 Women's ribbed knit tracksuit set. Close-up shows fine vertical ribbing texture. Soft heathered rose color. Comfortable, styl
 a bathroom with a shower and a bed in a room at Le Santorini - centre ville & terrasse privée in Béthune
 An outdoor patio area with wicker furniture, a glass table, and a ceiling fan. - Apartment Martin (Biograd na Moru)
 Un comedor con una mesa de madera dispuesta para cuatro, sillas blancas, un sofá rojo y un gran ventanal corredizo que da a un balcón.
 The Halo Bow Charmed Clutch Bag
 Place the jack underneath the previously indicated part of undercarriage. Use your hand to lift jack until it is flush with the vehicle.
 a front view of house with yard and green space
* * *
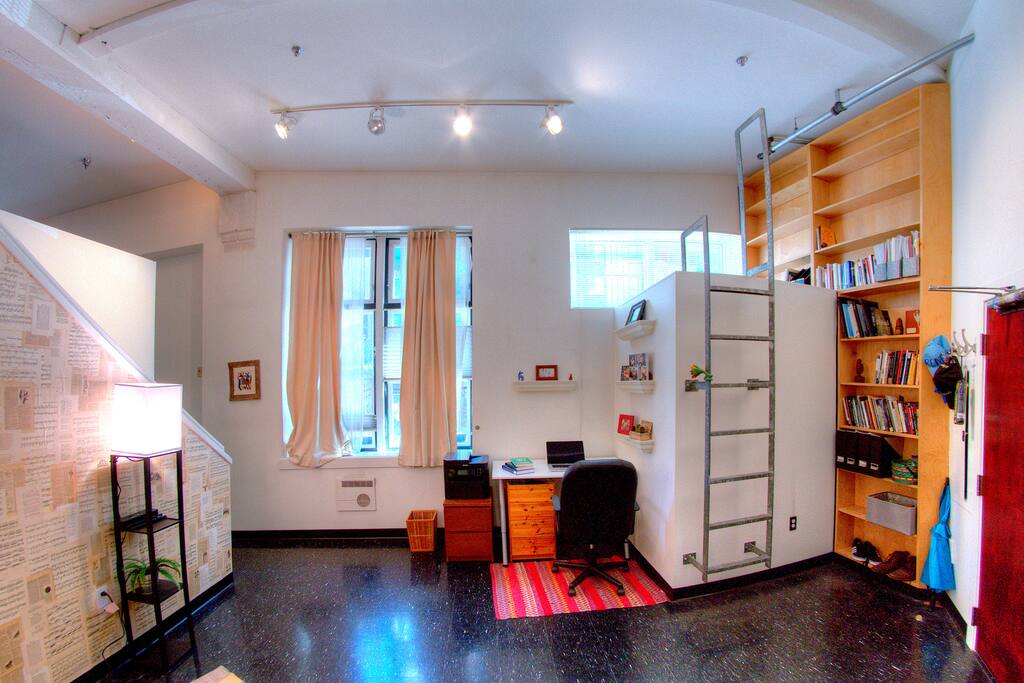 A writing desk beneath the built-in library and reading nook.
* * *
### What you should do
If a line contains the string "with", it counts toward the total; state that total for the records above and nothing more.

### Reply to the task
4